CAR T-cell therapy can also affect the brain, causing confusion, speech problems and sometimes seizures. Usually, Fry says, these symptoms occur within a few weeks of the infusion and get better in about a month.
It has been less than a decade since the first person received CAR T-cell therapy. Doctors are therefore still not aware of any long-term risks.
CAR T-cell therapy works for blood cancer. But so far it has failed to treat solid tumors such as breast or lung cancer.
Leukemia and lymphoma cells are easier to detect because the targeted protein is on the surface and because they are not on healthy cells.

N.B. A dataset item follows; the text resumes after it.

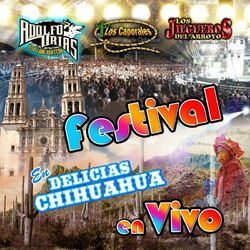 Cover of Festival en Delicias Chihuahua (En Vivo)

Fry says that “solid tumors are a harder nut to crack” because it is more difficult to distinguish between targeted proteins located on cancerous tumors and those on healthy tissue.
Brentjens is one of the researchers who is looking for ways to circumvent these and other obstacles.
“I’m an optimist, so I would say that in the next five to 10 years we might have some CAR T cells that could potentially target some solid tumors,” he says. “But this is still a work in progress.”
Although there is still work to be done, CAR T-cell therapy has been a life-saving treatment for many of the people who have undergone it. “A significant proportion of patients treated with these CAR T cells will be long-term survivors. And the patients we treat are those whose survival expectancy was zero,” says Brentjens.